Berkeley, a Look Back: Students show up for Cal’s 1923 summer session
A century ago, on June 23, 1923, students were arriving in town for UC Berkeley’s summer session. They included “thousands of high and grammar school teachers, business and professional men and woman, recent high school graduates and university students,” all taking summer classes or enrolled in special programs, the Berkeley Daily Gazette reported.
Some 6,000 students were expected, an increase over the 1922 summer session. The summer scholars included several hundred teachers from Southeastern states, as well as people attending a “demonstration school of physical training for children between the ages of 6 to 16, conducted by the department of physical education. … The element of competition will be introduced by dividing the children into tribes or clans each tribe competing against the other tribes in its own division.”
Many visitors were planning to stay for the convention of the National Education Association, which would convene at Berkeley in early July.

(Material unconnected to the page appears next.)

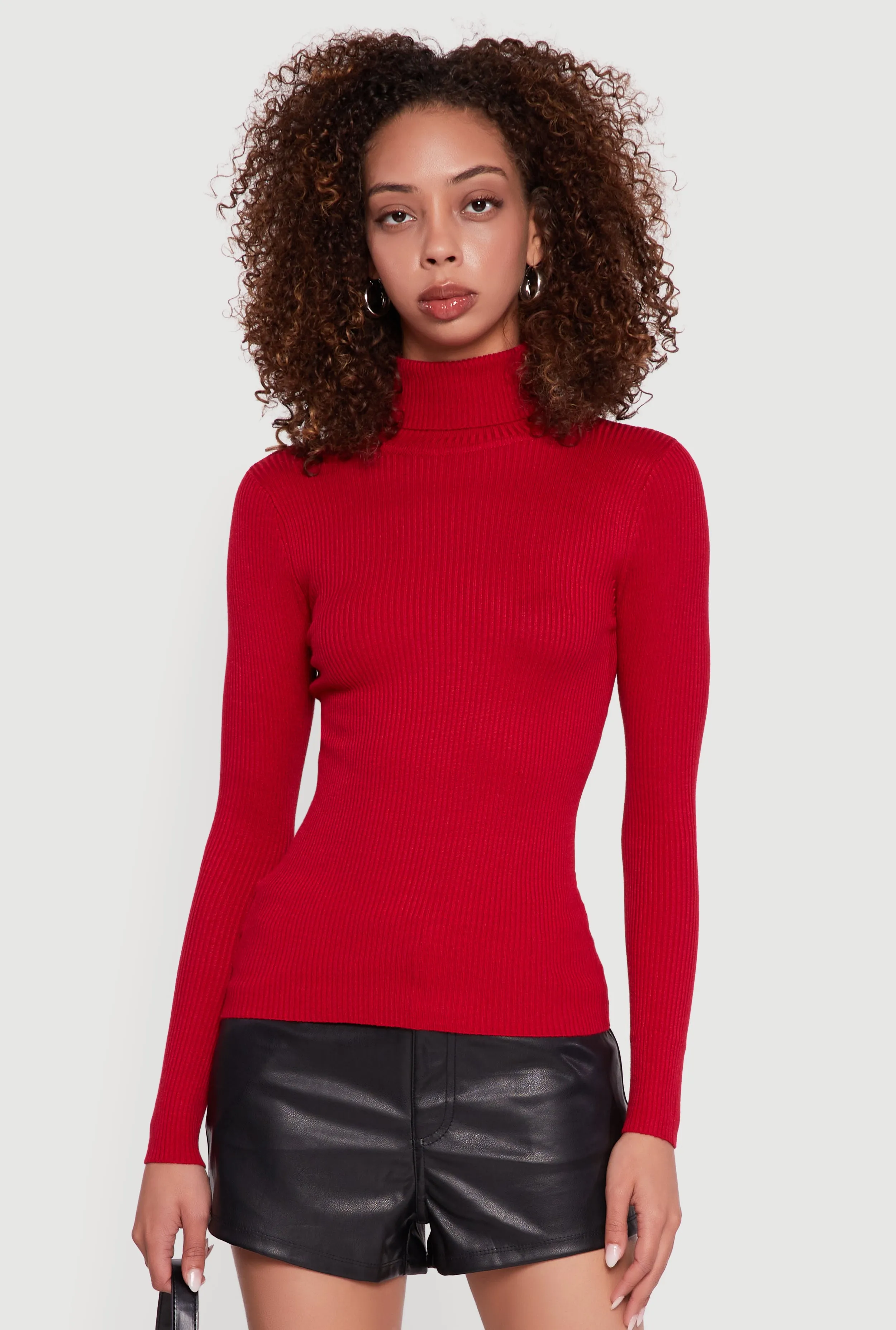 Solid Ribbed Knit Turtleneck Sweater sold by Rainbow product image thumbnail 2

Also, “five modern plays” were scheduled for presentation in Wheeler Auditorium during the summer, directed by Everett Glass. They were “all comedies — American, English, Irish, Russian.” In addition, “on July 7, the Chinese students of the university will present a modern Chinese play, ‘Rejuvenescence’ (sic), in Wheeler Auditorium.”
Presidential request: Berkeley’s incoming mayor, Frank Stringham, and his predecessor, Louis Bartlett, sent a joint telegram to President Harding on June 22, 1923, saying “The City of Berkeley extends a most cordial invitation to you to visit us and the East Bay cities on or about July 31.” The invitation was in response to news of Harding’s schedule for a late-July visit to San Francisco.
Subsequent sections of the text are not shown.